Using a User Interface Engineering position as an example, there are many people who can mention the words (UI OR user interface OR GUI) in their resume who in fact do not have any significant experience with interface design, even though the words are somewhere in the resume. Even if we added additional UI-related terms such as (wireframe OR human factors OR cognitive OR heuristic) we can still return many resumes of candidates that mention the search terms but who have not been primarily responsible for interface design.
When creating Boolean search strings to find potential candidates – the whole point is to find people who have specific skills and experience performing the role/responsibilities of the position the sourcer/recruiter is looking to fill – in other words, relevant results. Certainly no one sets out to run a Boolean search to specifically find a bunch of people who aren’t qualified. Any results returned from a search of candidates who do NOT have the skills and experience necessary to perform the responsibilities of the position the sourcer/recruiter is looking to fill are essentially irrelevant results. Sure, you can build relationships with them and ask for referrals, and perhaps they fit another position, but there is no denying that they simply do not match the intent of the search.
Sourcers and recruiters encounter this all the time when creating Boolean search strings – the search terms are present in the resume, sometimes in large quantity, but the person has not actually DONE what they need them to have done in their career.
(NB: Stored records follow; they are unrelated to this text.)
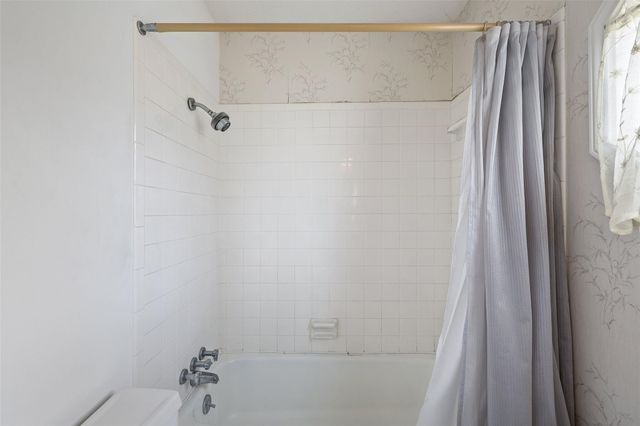 8705 Silverhill LN, Austin, TX 78759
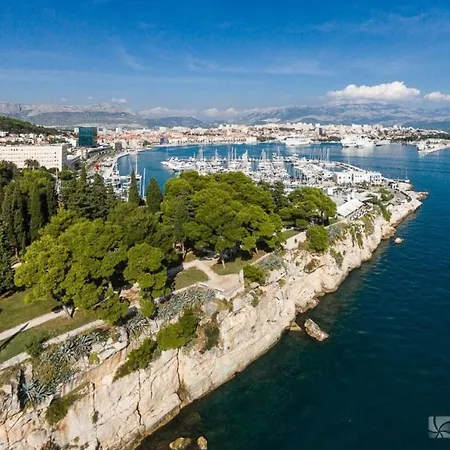 Appartement Spacious With Balcony, Close To The Znjan Split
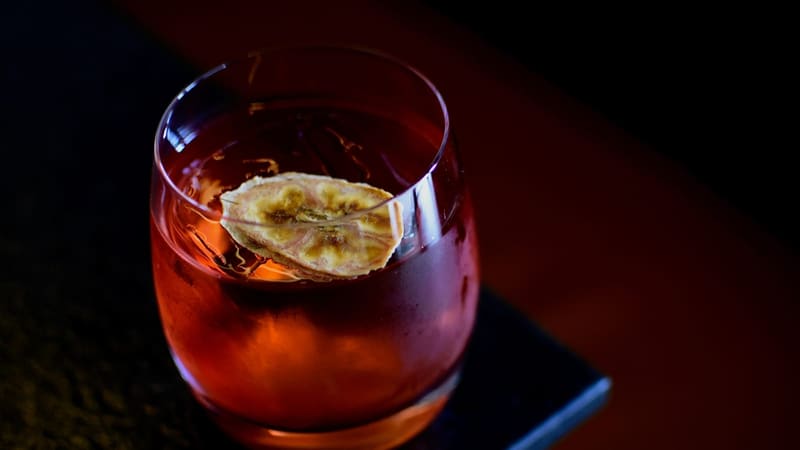 Releitura do Negroni feito pelo Zimbro Cocktails & Co para o Negroni Week | Foto: Zimbro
That is an excellent example of a high lexical similarity between a search and the results (the words match) and low semantic similarity of the search and the results (the person’s experience does NOT match).
High lexical similarity and low semantic similarity between a search and its results can also be evidenced in the “technical skills summary” of most resumes, where a laundry list of skills and technologies are present. But just because something is mentioned in a resume, it does not imply any level of expertise, recency of experience, or even paid experience. Hence someone could mention Java, Eclipse, and Swing in their resume, but not have any paid experience developing applications with them (as in educational experience or at home). This is a normal experience for sourcers and recruiters and so they assume this is simply “the way it is.”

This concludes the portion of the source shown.